Highlight was this large whooper swan family in from Greenland. Two parents and five cygnets.

Whooper (confusingly pronounced ‘hooper’ ) swans are one of the biggest birds - an adult was recorded at 15kg.

I took a walk to the outflow of the canalised Leven river - the Cut - which lowered the lake by four feet. A bit of a slog it is part of a 12 mile circular path that battles with road noise and a tangle of boggy woodland that keeps you away from the water. At least where I was.
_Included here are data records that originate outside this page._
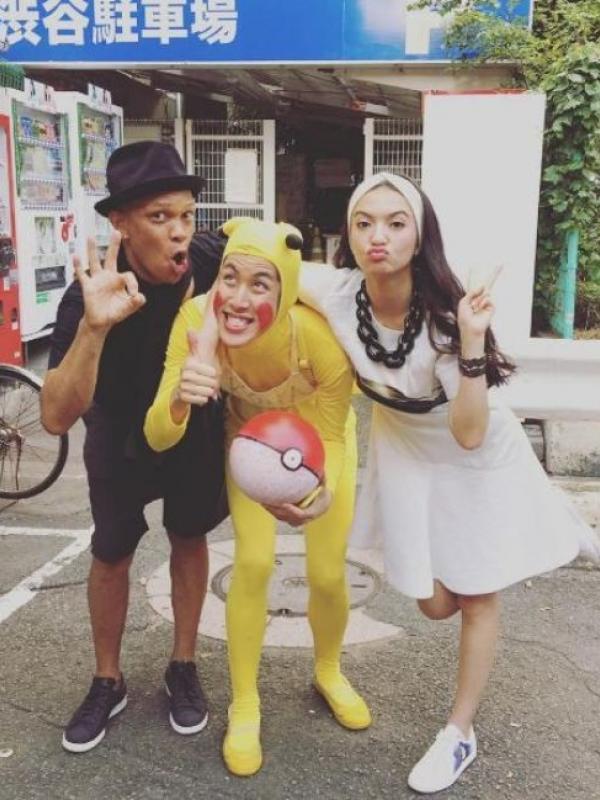 Raline Shah bersama pria berkostum Pikachu Pokemon di Jepang. (Instagram - @ralineshah)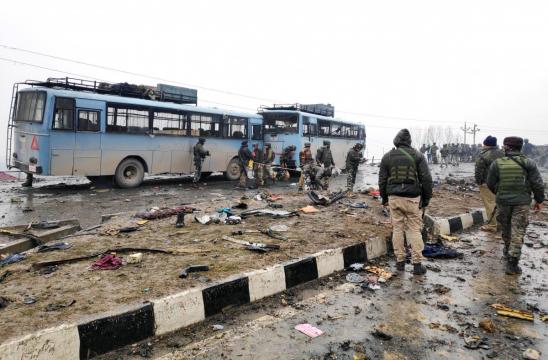 Pakistan PM warns India against attack, urges talks on Kashmir blast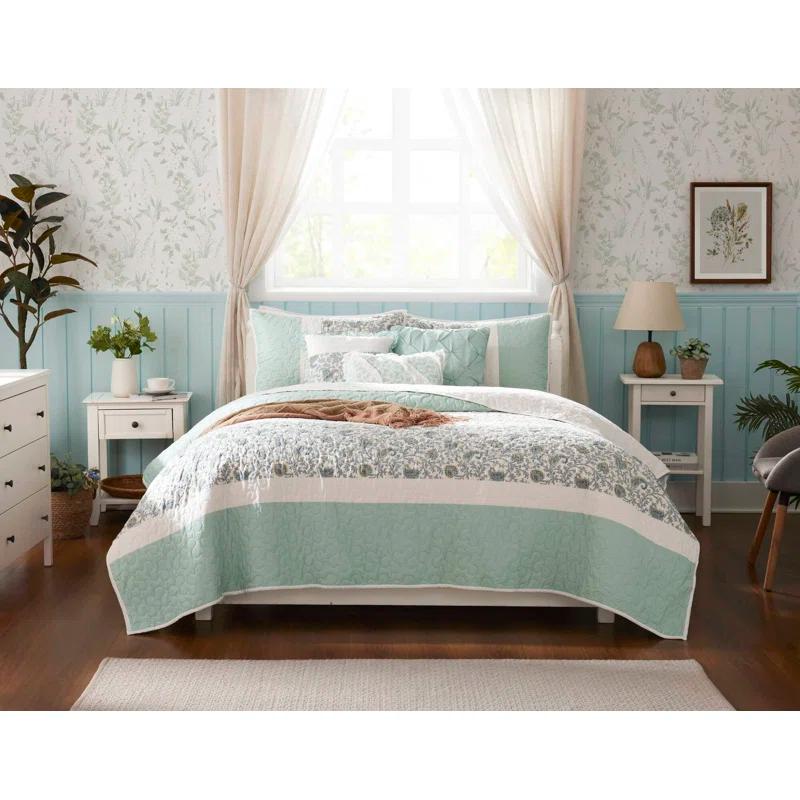 Madison Park Dawn 6 Piece Cotton Percale Quilt Set with Throw Pillows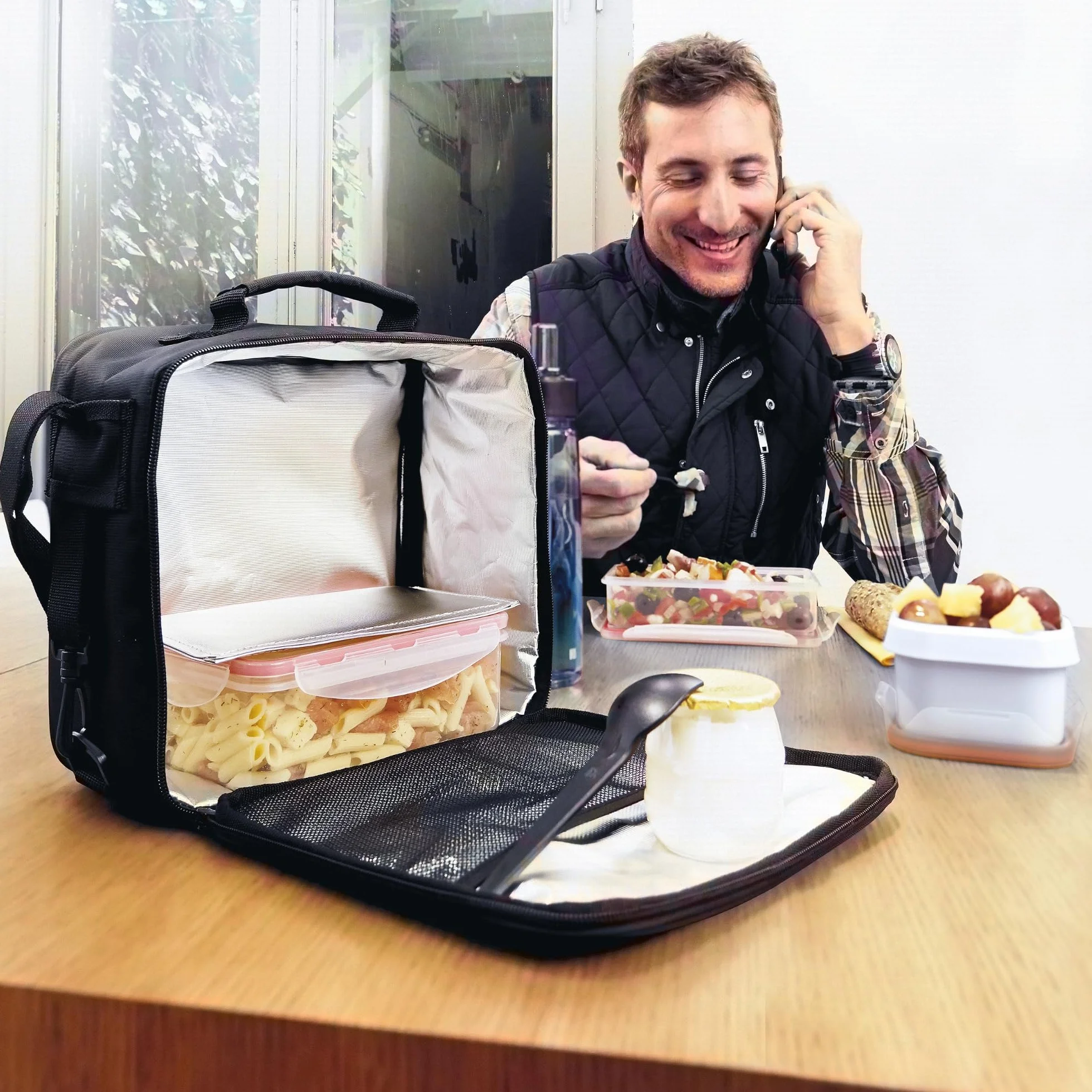IRIS Maxi Walizka na lunch czarna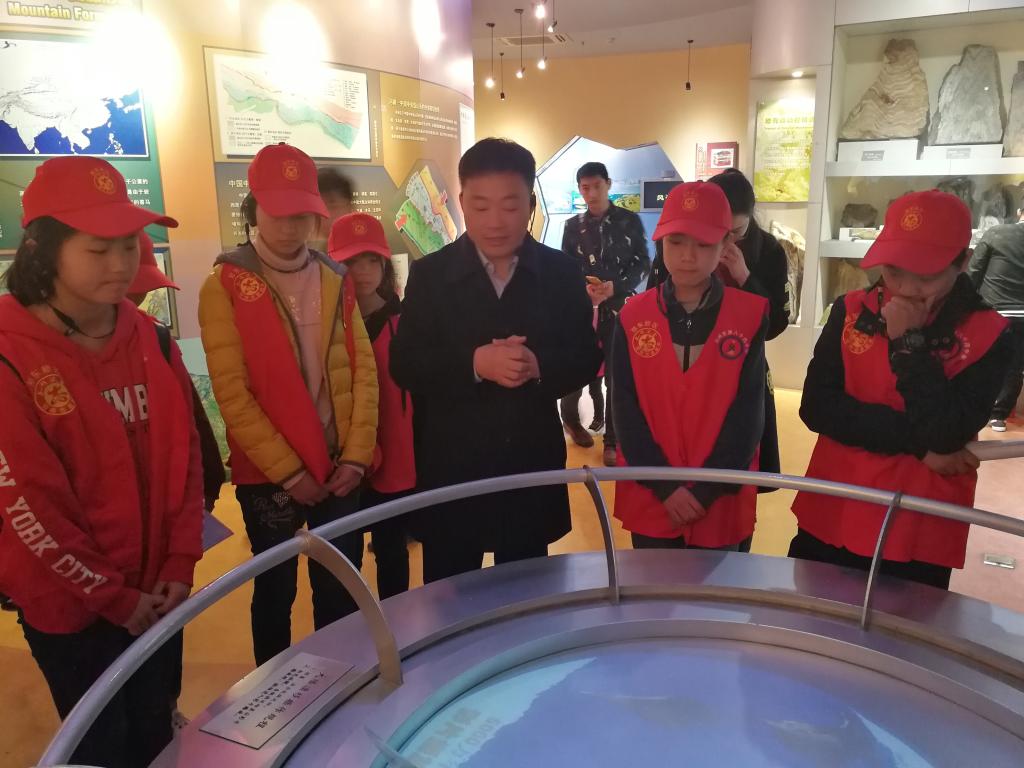 张老师为同学们进行细致的培训
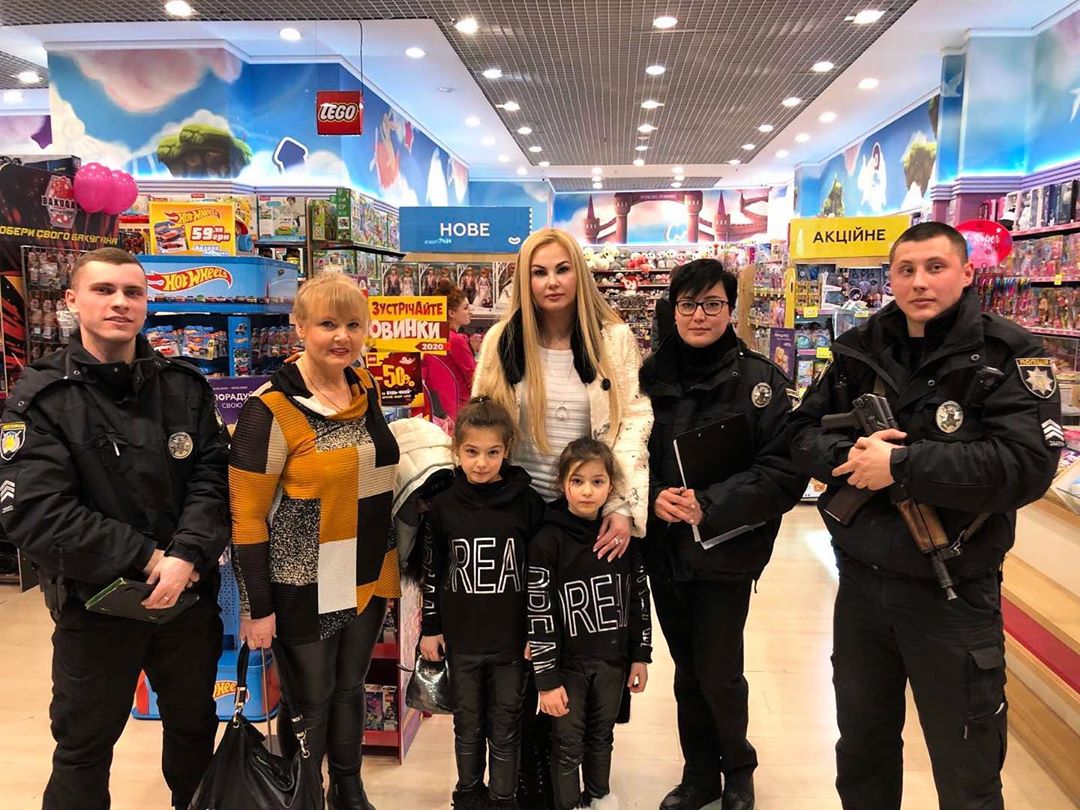 Камалію обікрали в торговому центрі Києва: що відомо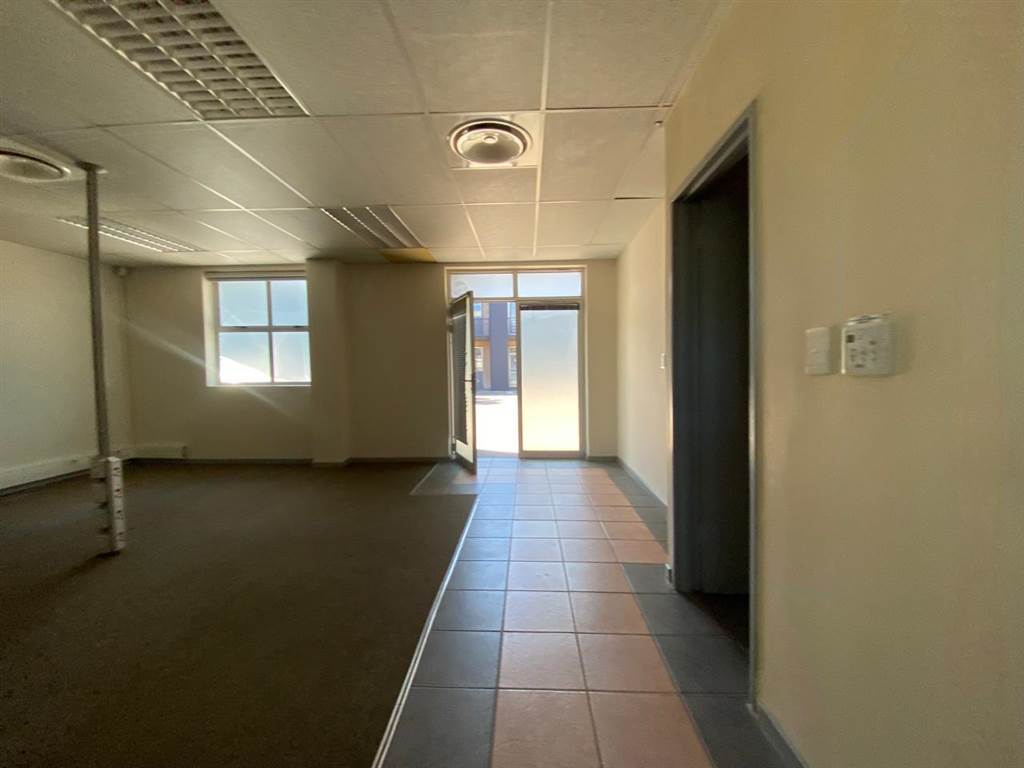 100  m² Industrial space in Milnerton Central photo number 2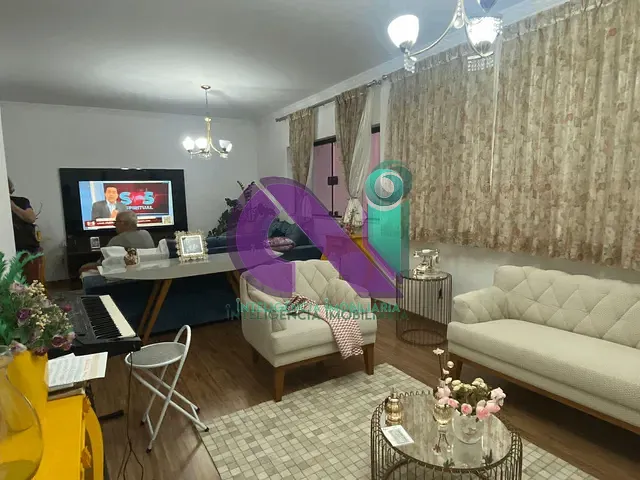 Casa 3 quartos e 4 banheiros, à venda, no bairro Jardim das Flores em Osasco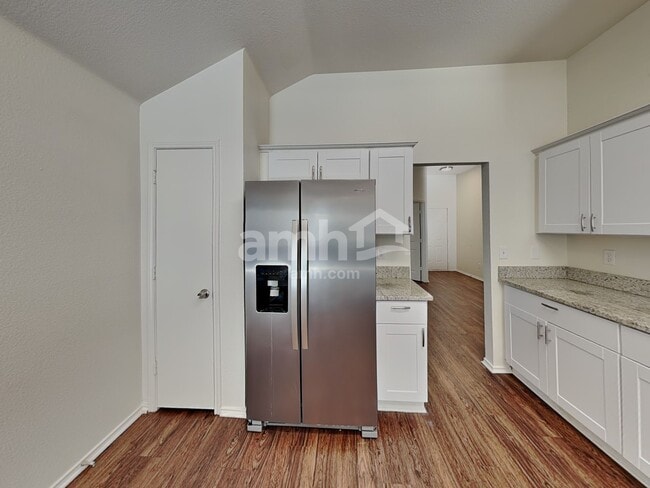 Building Photo - 1009 Whistle Stop Dr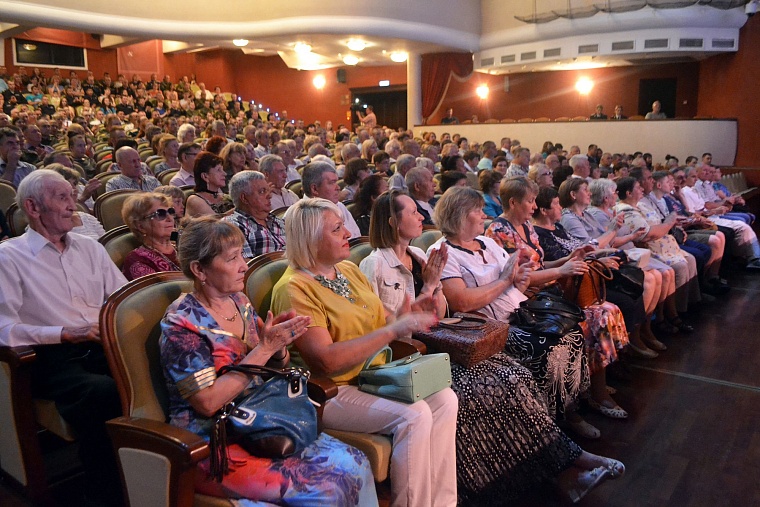 Лучших бойцов Центра подготовки кинологов наградили медалями и нагрудными знаками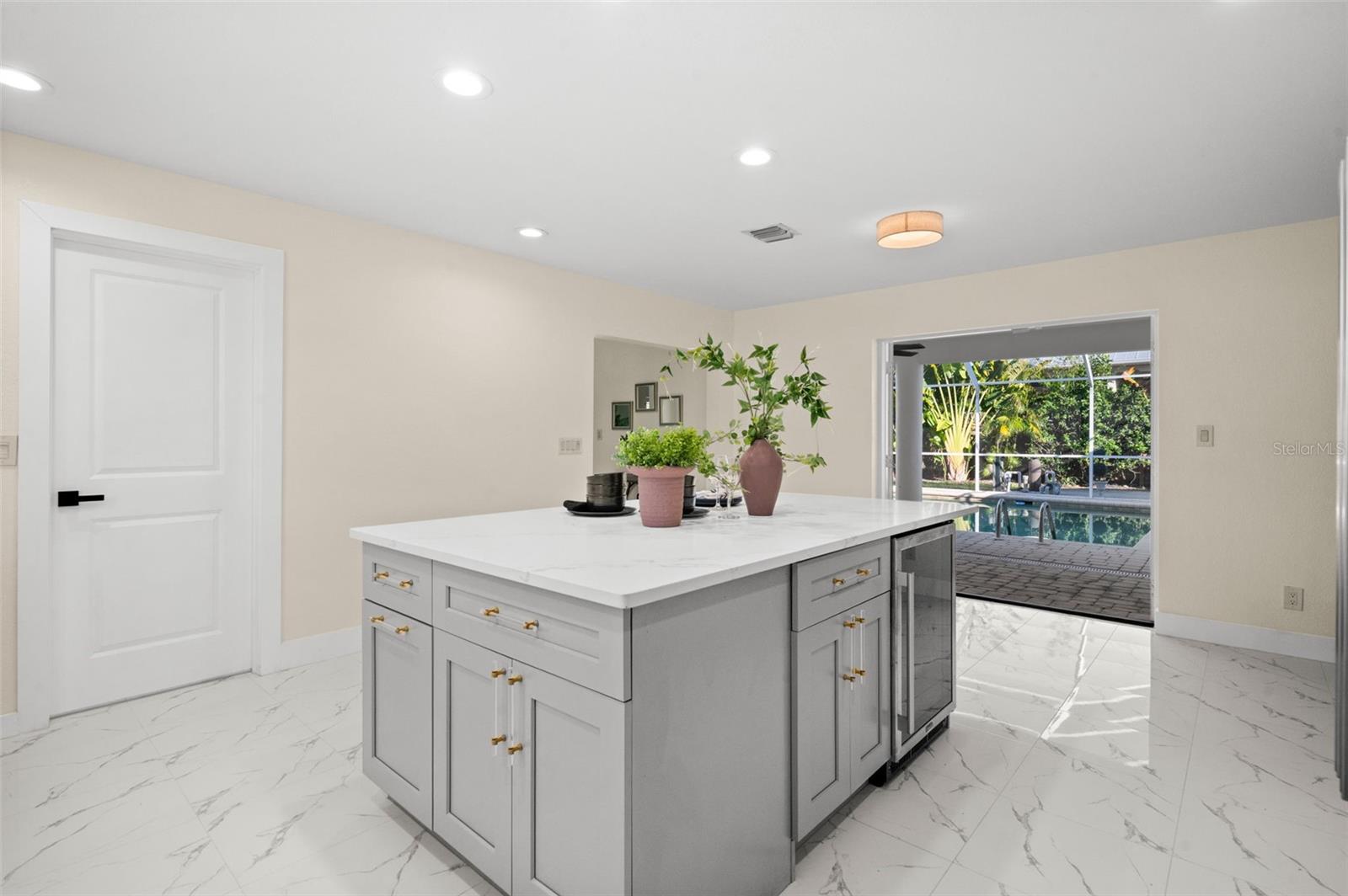 Image 23 of 88 For 625 Olympia Avenue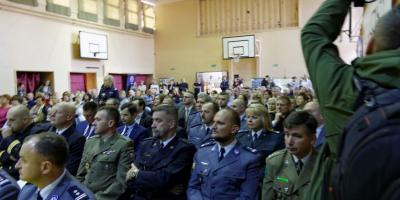 Pasowanie uczniów klas mundurowych w VII LO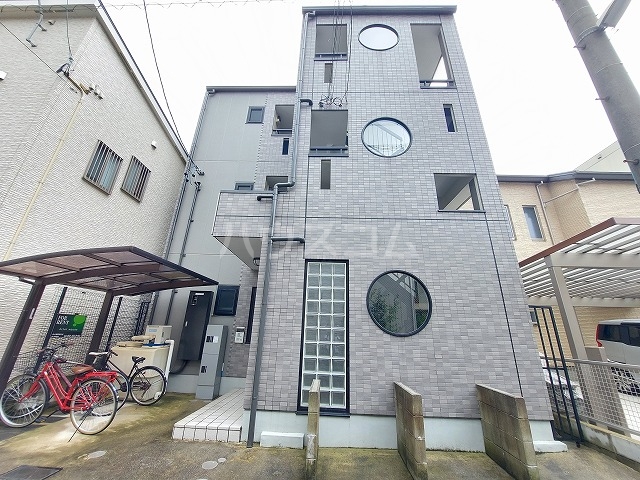 2/30 外観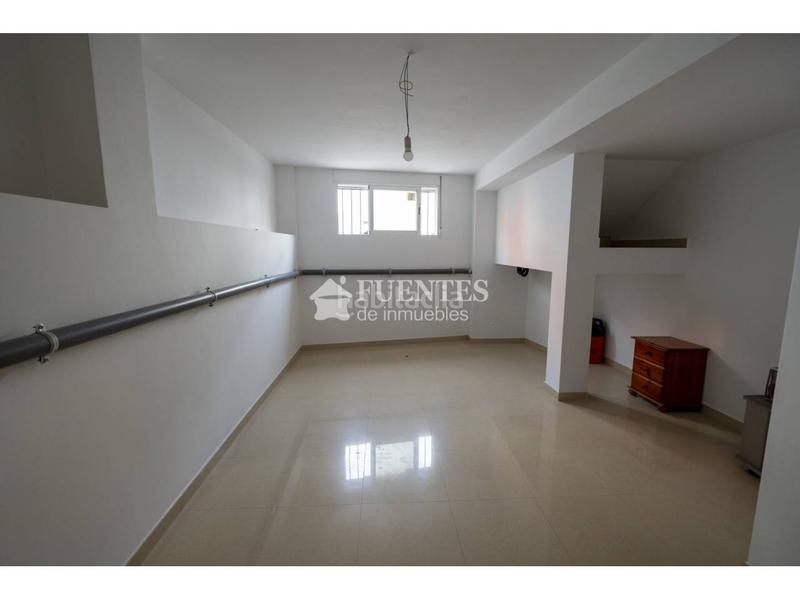Foto efdaaf32-5d95-4596-8bab-4a4a5da994b6. Casa adosada venta de casa adosada alacant en Garbinet - Parque de las Avenidas Alicante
As dusk fell I drove to Kinross in the hope of seeing the overwintering pink-footed geese returning to their watery roost in thousands but it was not to be. There was a pretty mini-mumuration of starlings. As the dark fell I got cold and headed back to Edinburgh.

It’s an interesting place that doesn’t give itself up easily.

The evening menu consisted of Moroccan style humous on toast, a rolled piece of shoulder of lamb, carrots, leeks, chips (!), poached Roche pears and a brown butter (noisette) mince pie. Wine and tea a choix. Terry and I slept prodigiously as Canada struggled to overcome a sluggish Belgian team.